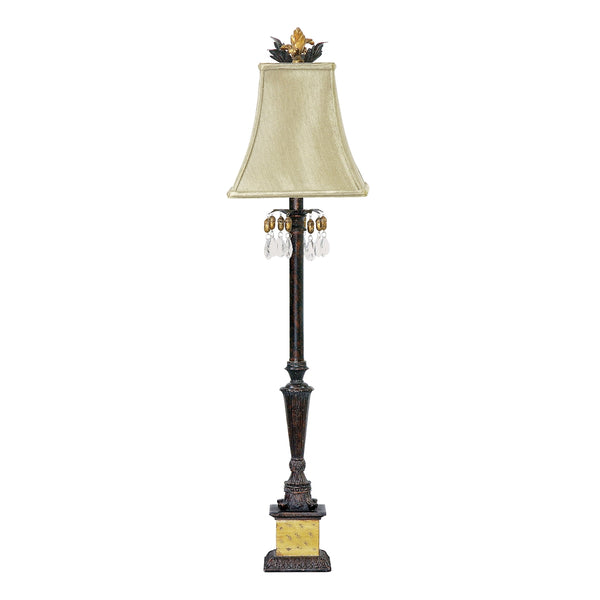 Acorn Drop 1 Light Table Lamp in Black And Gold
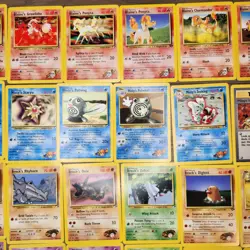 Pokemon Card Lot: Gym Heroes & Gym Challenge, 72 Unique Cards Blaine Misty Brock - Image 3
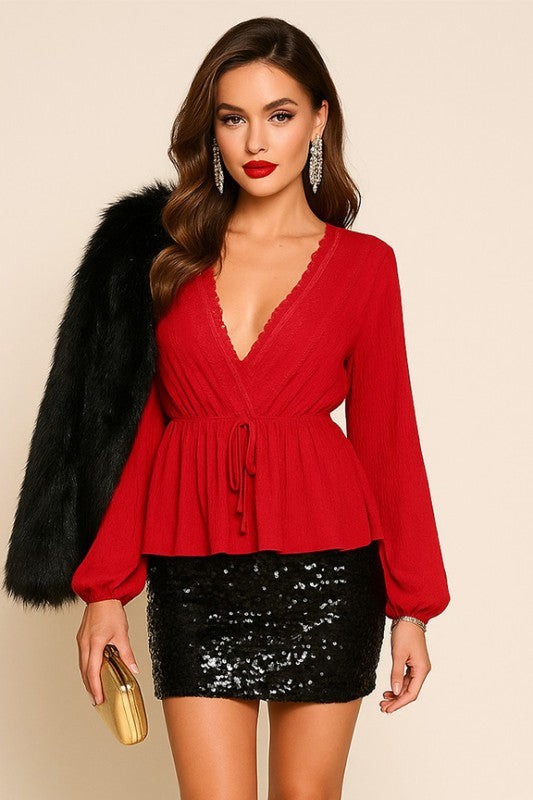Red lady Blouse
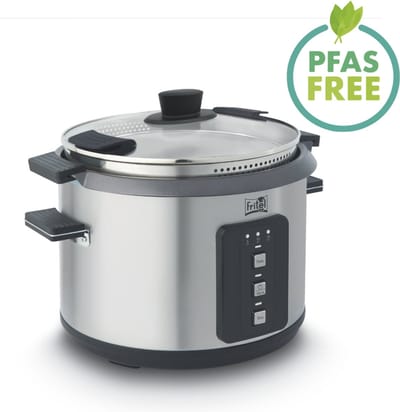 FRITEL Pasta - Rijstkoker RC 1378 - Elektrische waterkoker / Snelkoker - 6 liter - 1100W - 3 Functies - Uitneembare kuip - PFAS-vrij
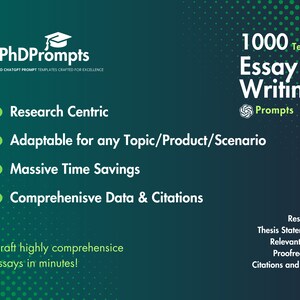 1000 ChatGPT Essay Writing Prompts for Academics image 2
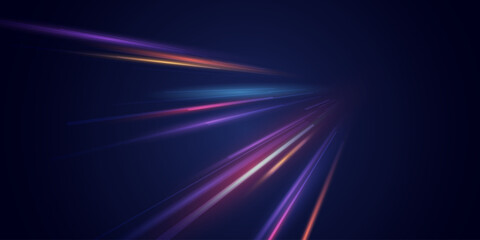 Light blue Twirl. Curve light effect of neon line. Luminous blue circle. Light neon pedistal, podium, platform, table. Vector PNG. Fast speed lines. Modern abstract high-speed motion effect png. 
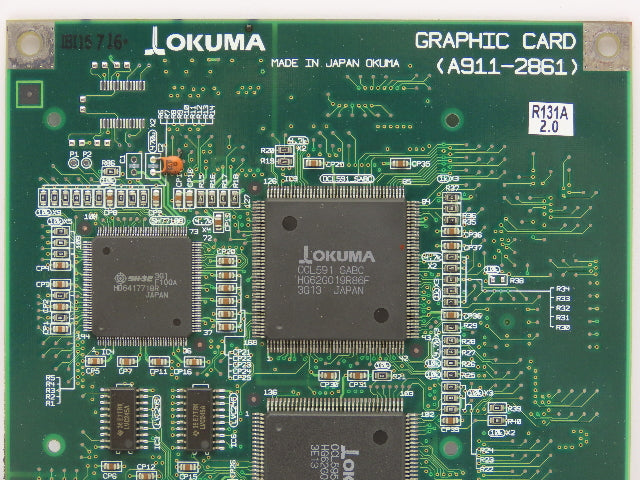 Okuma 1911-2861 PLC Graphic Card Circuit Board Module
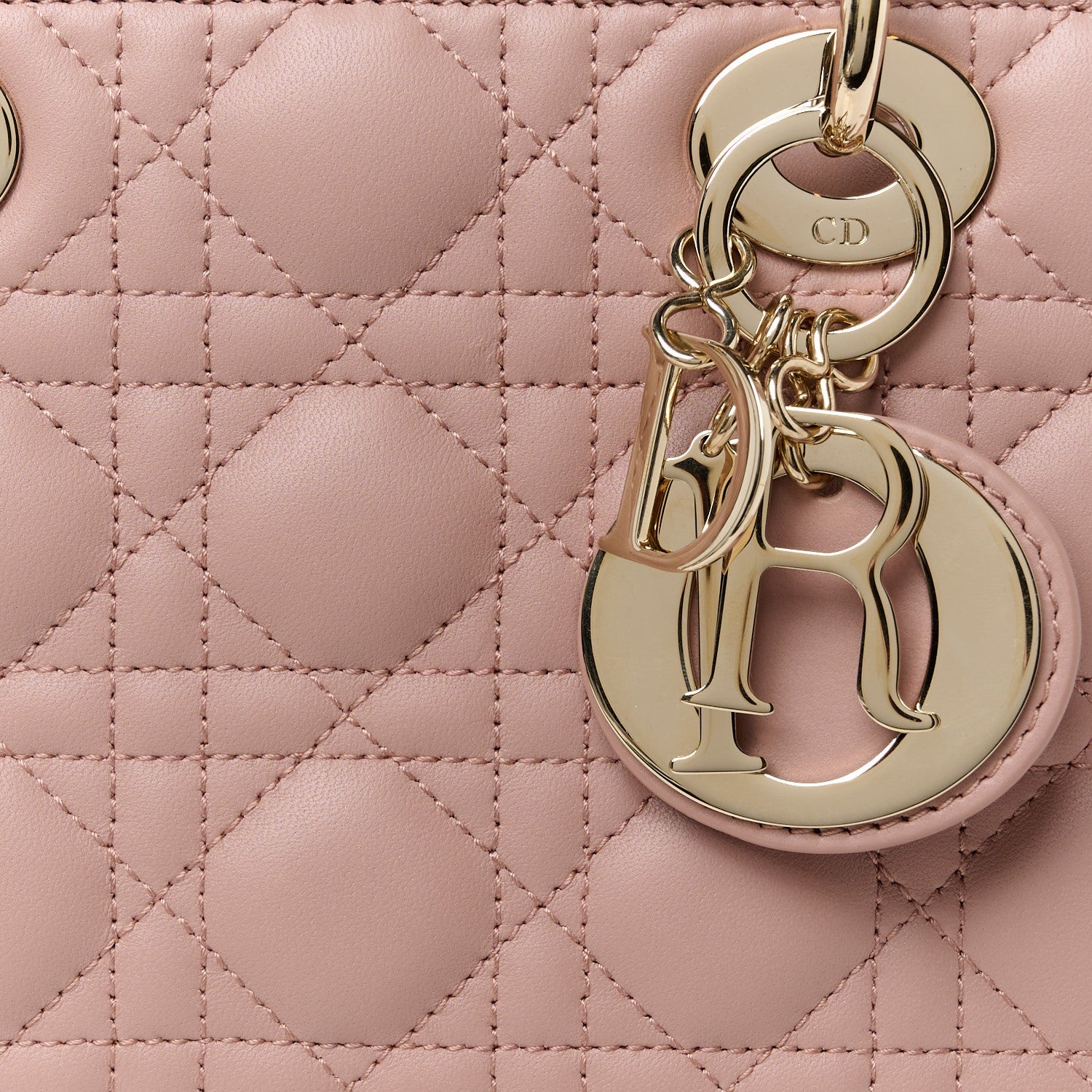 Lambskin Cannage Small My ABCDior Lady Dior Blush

...

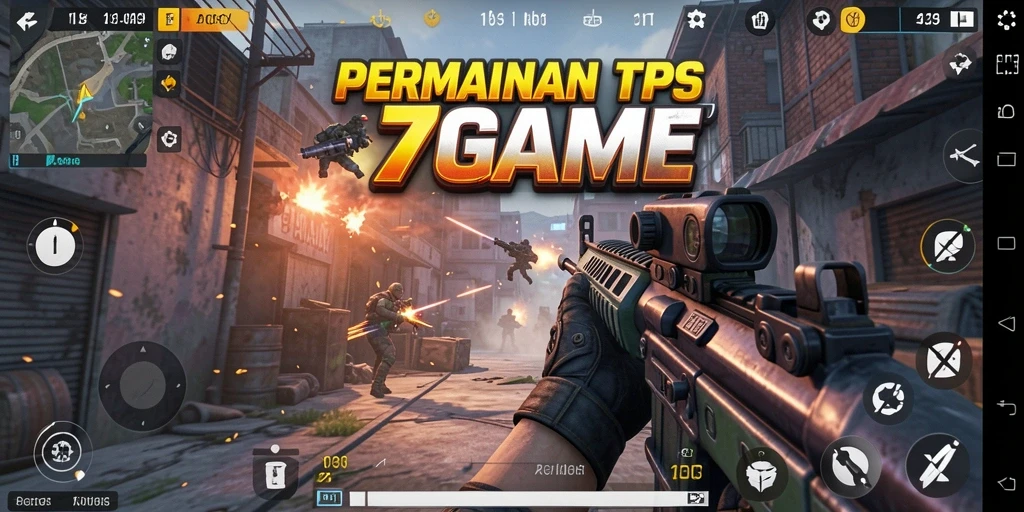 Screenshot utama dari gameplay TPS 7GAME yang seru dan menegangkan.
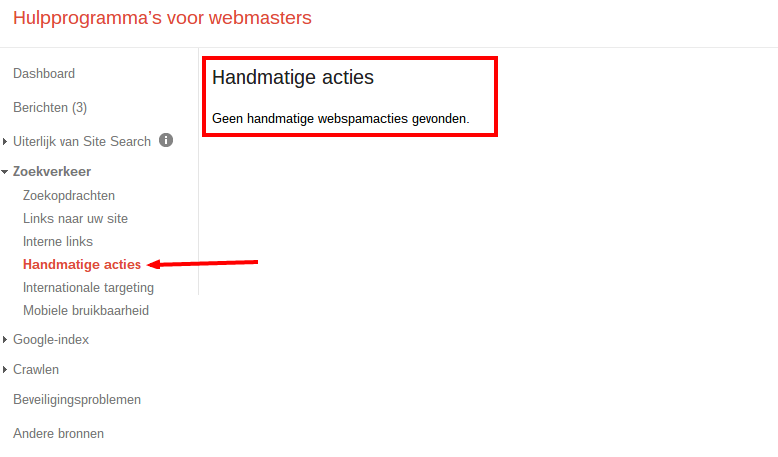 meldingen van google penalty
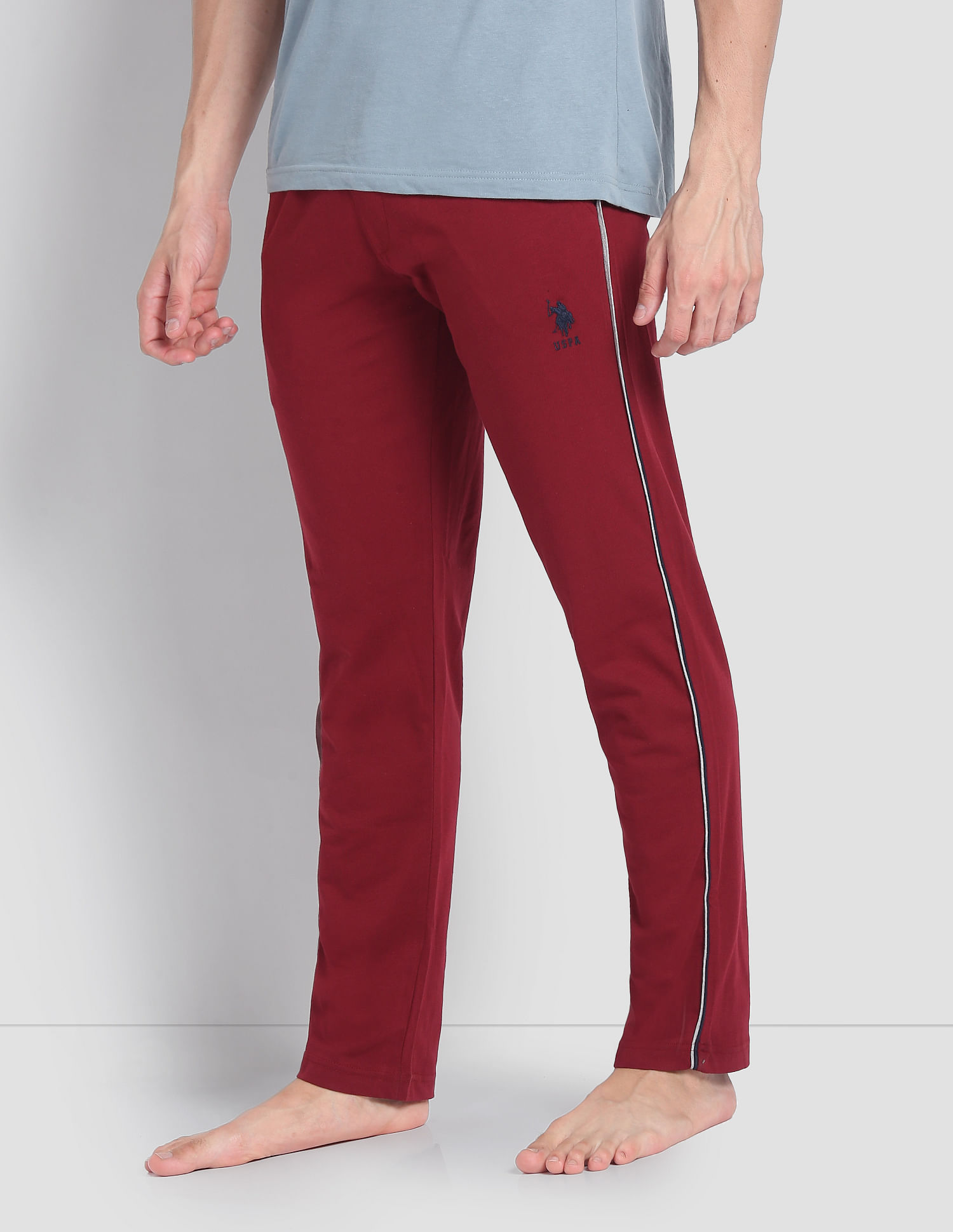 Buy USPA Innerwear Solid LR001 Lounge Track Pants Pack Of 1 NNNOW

...

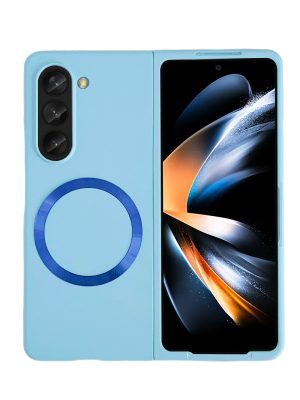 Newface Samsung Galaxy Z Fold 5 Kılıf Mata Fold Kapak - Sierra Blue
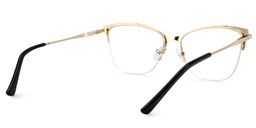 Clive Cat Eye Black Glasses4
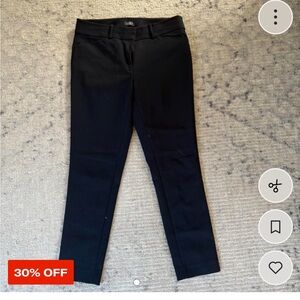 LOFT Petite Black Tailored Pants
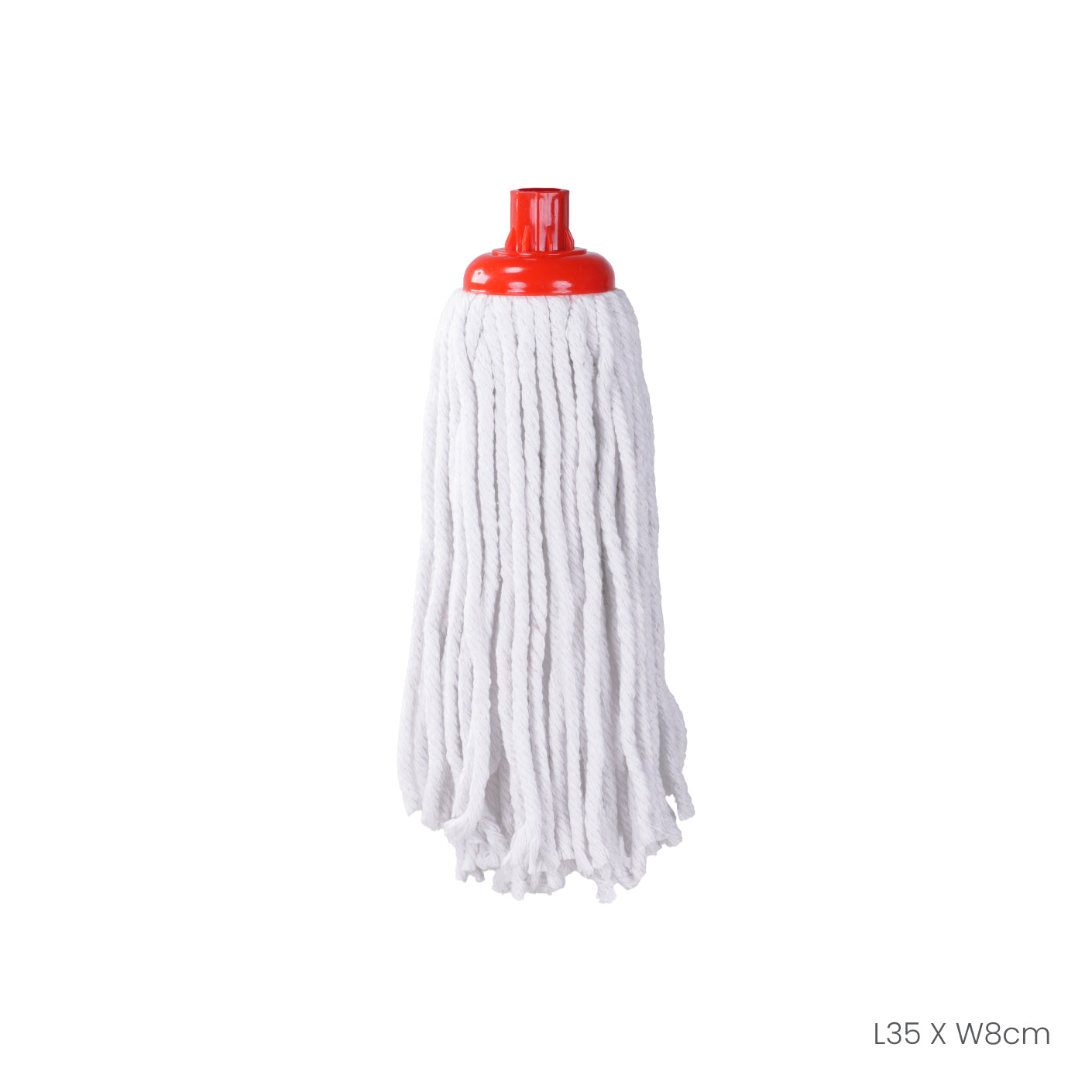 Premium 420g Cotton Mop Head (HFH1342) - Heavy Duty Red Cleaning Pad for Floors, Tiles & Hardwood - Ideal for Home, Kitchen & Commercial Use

» **What you should do**: Starting at the line that contains "Acorn Drop 1" and ending at the line that contains "Light blue Twirl.", transcribe the material above exactly, excluding pictures.

» **Exercise response**:
 Acorn Drop 1 Light Table Lamp in Black And Gold
 Pokemon Card Lot: Gym Heroes & Gym Challenge, 72 Unique Cards Blaine Misty Brock - Image 3
Red lady Blouse
 FRITEL Pasta - Rijstkoker RC 1378 - Elektrische waterkoker / Snelkoker - 6 liter - 1100W - 3 Functies - Uitneembare kuip - PFAS-vrij
 1000 ChatGPT Essay Writing Prompts for Academics image 2
 Light blue Twirl. Curve light effect of neon line. Luminous blue circle. Light neon pedistal, podium, platform, table. Vector PNG. Fast speed lines. Modern abstract high-speed motion effect png. 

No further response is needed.